Sunday, October 11, 2009

Ice cream and the case for weddings

Brides-to-be: this does not take the place of an open bar. (That's still essential; recession or no.)

Shawn and I celebrated our third wedding anniversary this week. At the time the decision to marry him was not in question (never was), but I struggled quite a bit with the idea of having a wedding.

In 2006 the recession was nowhere in sight and the WIC (Wedding Industrial Complex) was at its most powerful. Add to the mix the then-hit show Bridezillas, and it's not hard to see how any reasonable woman might want to skip all the hoopla in favour of city hall.

But I survived the planning process with the help Martha Stewart's original do-it-yourself projects and the humour blog Godawful Wedding Crap. (So lucky to have gotten married around the same time as Riona.) And, here I am three years out, still very happy with our decision to have a wedding.

To those now making the decision for themselves, I say do it (no matter how simple), and, if at all possible, rent a Gelato cart — the return on investment is huge.

On that note, I wanted to share the following ice cream recipe that I tried last week.
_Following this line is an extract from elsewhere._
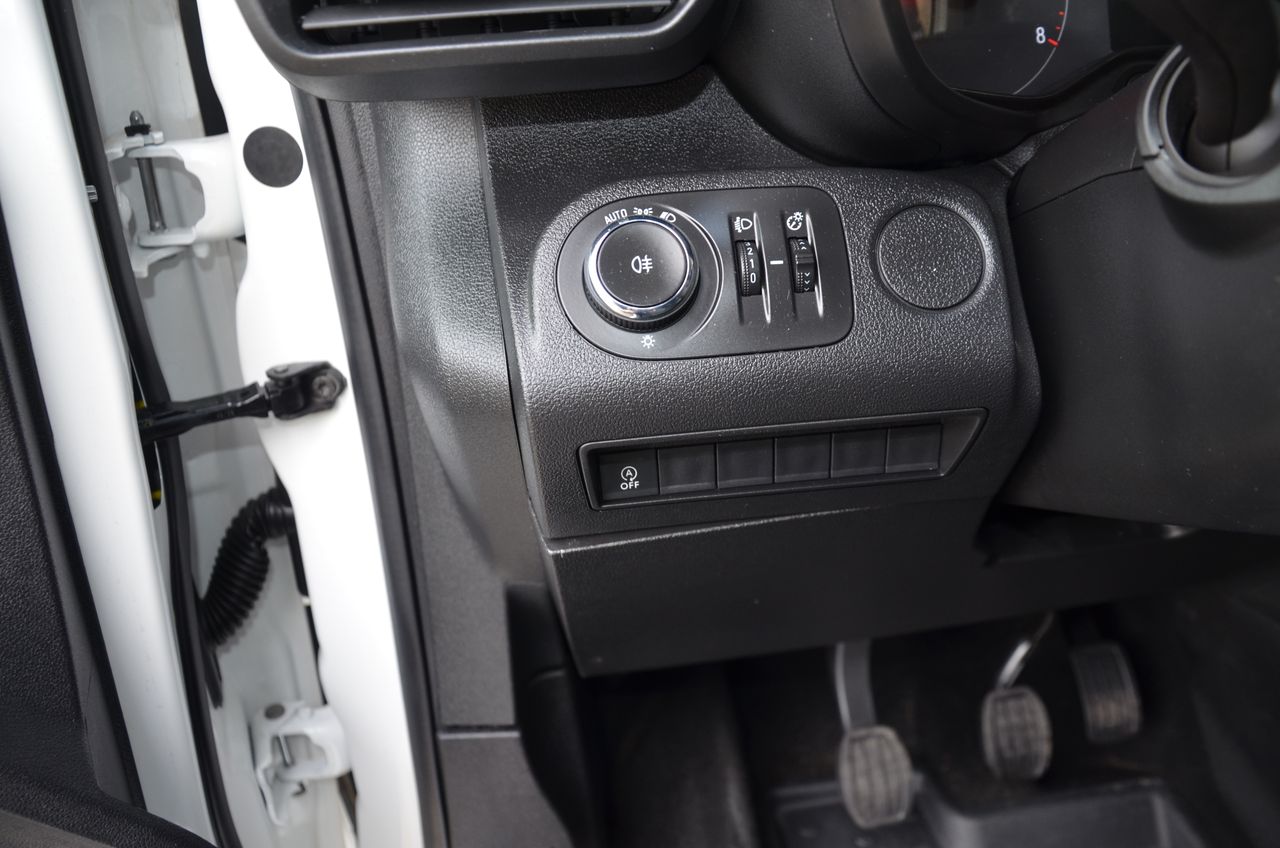 Opel Combo Cargo CARGO EXPRESS XL CARGA INCREMENTADA 1.5 100CV ESTANTERÍAS Y SUELO REFORZADO ( BOMBINES DE CERRAJERÍAS ANTIRROBO )  - Foto 18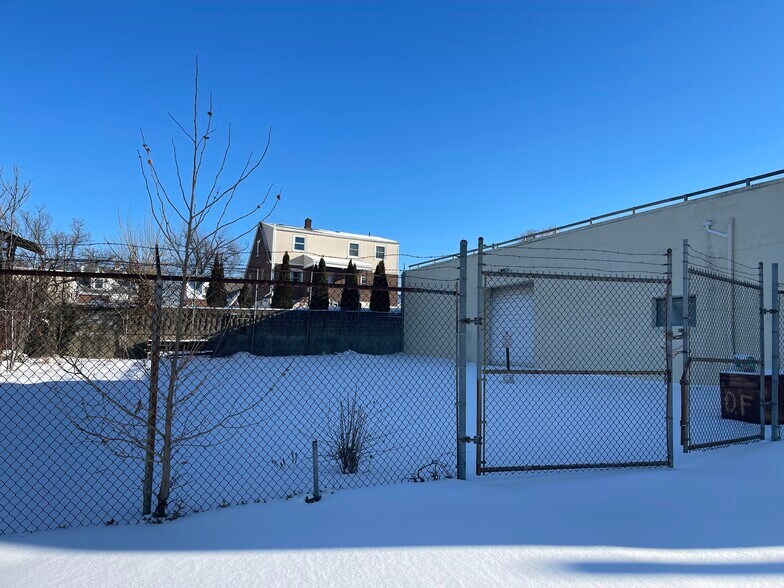 More Photos Of 537 Lincoln Hwy, East McKeesport Storefront For Sale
This will be the last of the season (promise). From the late, great Gourmet:

SALTED CARAMEL ICE CREAM

Ingredients

1 1/4 cups sugar, divided
2 1/4 cups heavy cream, divided
1/2 teaspoon flaky sea salt such as Maldon
1/2 teaspoon pure vanilla extract
1 cup 2% milk
3 large eggs

Equipment:
an ice cream maker

Instructions

Heat 1 cup sugar in a dry 10" heavy skillet over medium heat, stirring with a fork to heat sugar evenly, until it starts to melt, then stop stirring and cook, swirling skillet occasionally so sugar melts evenly, until it is dark amber.

Add 1 1/4 cups cream (mixture will spatter) and cook, stirring, until all of caramel has dissolved. Transfer to a bowl and stir in sea salt and vanilla. Cool to room temperature.

Meanwhile, bring milk, remaining cup cream, and remaining 1/4 cup sugar just to boil in a small heavy saucepan, stirring occasionaly.

Lightly whisk eggs in a medium bowl, then add half of hot milk mixture in a slow stream, whisking constantly. Pour back into saucepan and cook over medium heat, stirring constantly with a wooden spoon, until custard coats back of spoon and registers 170°F on an instant-read thermometer (do not let boil). Pour custard through a fine-mesh sieve into a large bowl, then stir in cooled caramel.

Chill custard in the refrigerator, stirring occasionally, until very cold, 3 hr or overnight.

Freeze custard in ice cream maker (it will still be quite soft), then transfer to an airtight container and put in freezer to firm up.

This summer I also tried another Gourmet ice cream — Sour cream ice cream. I substitiutted 2 tsp vanilla extract for the vanilla bean and it tasted fantastic — like frozen cheesecake, but lighter.